– Сколько возьмем? – уточнил я.
   – Сколько надо. Закройся и не отсвечивай. – Ловкач выдал мне довольно неприятную отповедь.
   Я неразличимо в темноте нахмурился, не соглашаясь с тоном и выражениями. Впрочем, язык за зубами придержал. Обижаться или вступать в словесные баталии сейчас было явно не время. За беседами мы вполне могли бы пропустить взрывников, что, в свою очередь, гарантировало целый букет неприятностей.
 
   И пропустили-таки. Не знаю, что повлияло. Скорее всего нервное напряжение, да и усталость от прошлых дней добавила своего. В общем, прислонившись спиной к стене, надвинув поглубже каску на лоб, я просто-напросто вырубился.
   И очнулся, лишь свалившись со своего камня. Больно приложился локтем и, как это бывает спросонья, заозирался по сторонам, пытаясь определить, куда же я попал.
   Через несколько секунд я уже включился в действительность и вспомнил, что к чему. Зашарил вокруг себя в поисках фонаря и подал голос:
   – Ловкач, времени сколько?
   Напарник, судя по шороху, встрепенулся. Понятно. Тоже спал.
   Щелкнул переключатель, и яркий луч света разорвал темноту. Прищурив глаза, я рассмотрел свой фонарь и прибрал его к рукам. Повернулся к Ловкачу:
   – Времени сколько?
   Тот, не отвечая на мой вопрос, решительно поднялся, одергивая ватник:
   – Пойдем. В темпе.
   – Сколько времени? – повторил я вопрос, убирая фонарь в карман и не двигаясь с места.

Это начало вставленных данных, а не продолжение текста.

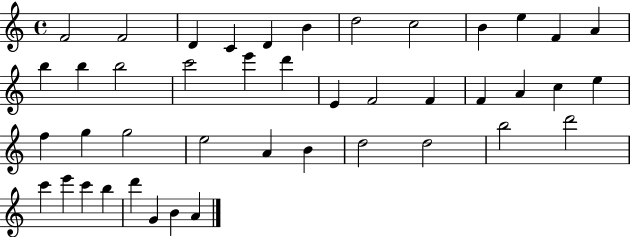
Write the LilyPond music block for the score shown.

{
  \clef treble
  \time 4/4
  \defaultTimeSignature
  \key c \major
  f'2 f'2 | d'4 c'4 d'4 b'4 | d''2 c''2 | b'4 e''4 f'4 a'4 | \break b''4 b''4 b''2 | c'''2 e'''4 d'''4 | e'4 f'2 f'4 | f'4 a'4 c''4 e''4 | \break f''4 g''4 g''2 | e''2 a'4 b'4 | d''2 d''2 | b''2 d'''2 | \break c'''4 e'''4 c'''4 b''4 | d'''4 g'4 b'4 a'4 | \bar "|."
}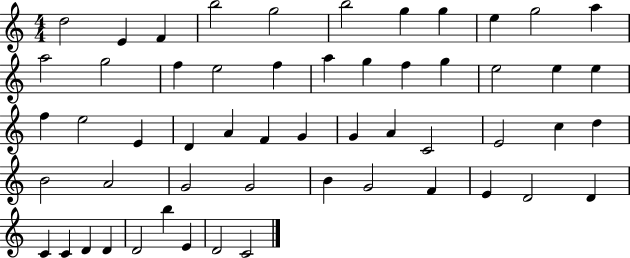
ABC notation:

X:1
T:Untitled
M:4/4
L:1/4
K:C
d2 E F b2 g2 b2 g g e g2 a a2 g2 f e2 f a g f g e2 e e f e2 E D A F G G A C2 E2 c d B2 A2 G2 G2 B G2 F E D2 D C C D D D2 b E D2 C2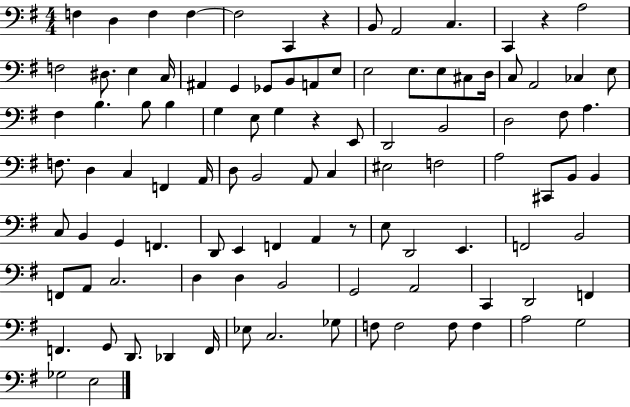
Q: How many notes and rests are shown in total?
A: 102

   Ловкач, сделавший несколько шагов к выходу, обернулся:
   – Показывай, где закладка!
   – Время скажи.
   Напарник мазанул фонарем мне в лицо. Я отвернулся, прикрывая глаза рукой. И тут же схлопотал довольно увесистый удар в плечо. Такой, знаете, для разминки. Или в качестве предупреждения.

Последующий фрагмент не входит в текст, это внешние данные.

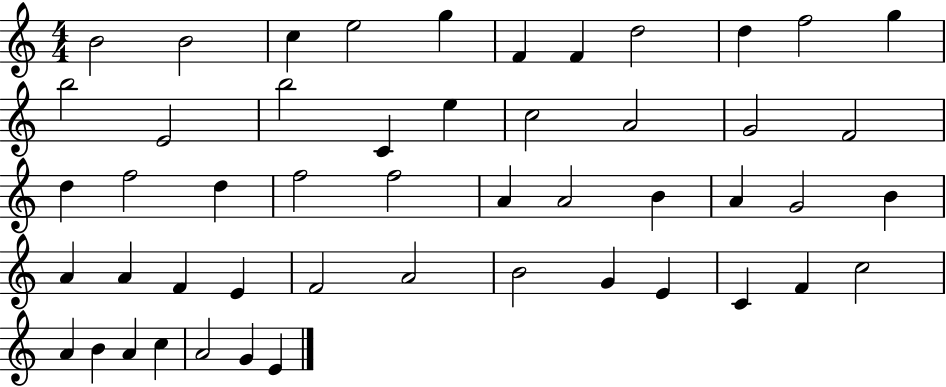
B4/h B4/h C5/q E5/h G5/q F4/q F4/q D5/h D5/q F5/h G5/q B5/h E4/h B5/h C4/q E5/q C5/h A4/h G4/h F4/h D5/q F5/h D5/q F5/h F5/h A4/q A4/h B4/q A4/q G4/h B4/q A4/q A4/q F4/q E4/q F4/h A4/h B4/h G4/q E4/q C4/q F4/q C5/h A4/q B4/q A4/q C5/q A4/h G4/q E4/q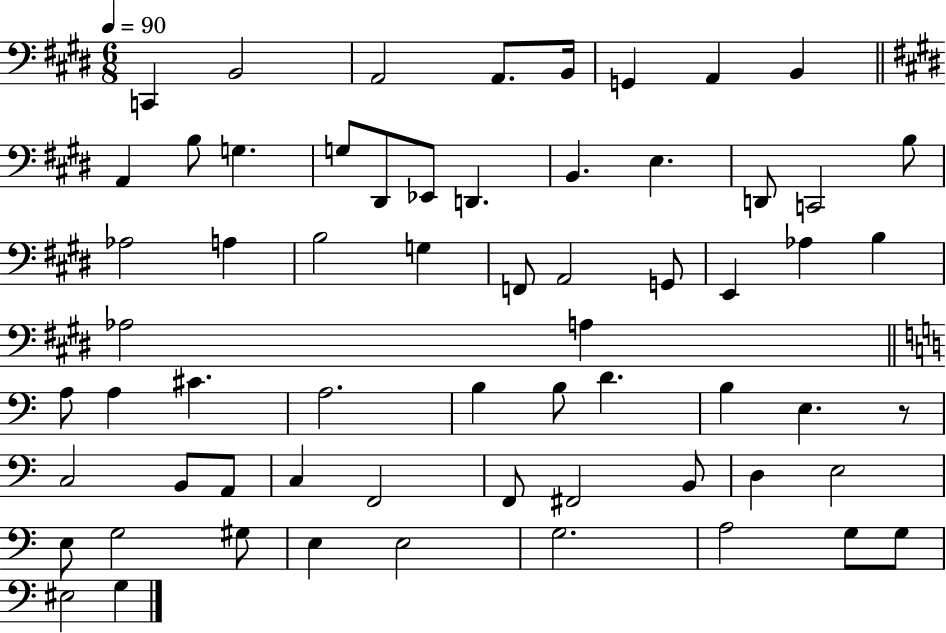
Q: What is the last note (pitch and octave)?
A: G3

   – Не бурей! – прикрикнул Ловкач, когда я отступил от него на шаг, пытаясь вслепую разорвать дистанцию. – Иди и показывай закладку.
   Я сделал еще шаг назад, вынул фонарь из кармана и включил его. Линии света скрестились на полу, будто в руках у нас были легендарные световые мечи. Впрочем, на джедаев мы тянули слабо.
   – Сколько времени? Я взрываться не полезу! – четко обозначил я свою позицию и приготовился к возможному обострению отношений. Меня раздражала дурацкая манера практически всех, с кем я сталкивался в этом мире, решать вопросы методом силы. Такое ощущение, что здесь никто и никогда не получал отпора.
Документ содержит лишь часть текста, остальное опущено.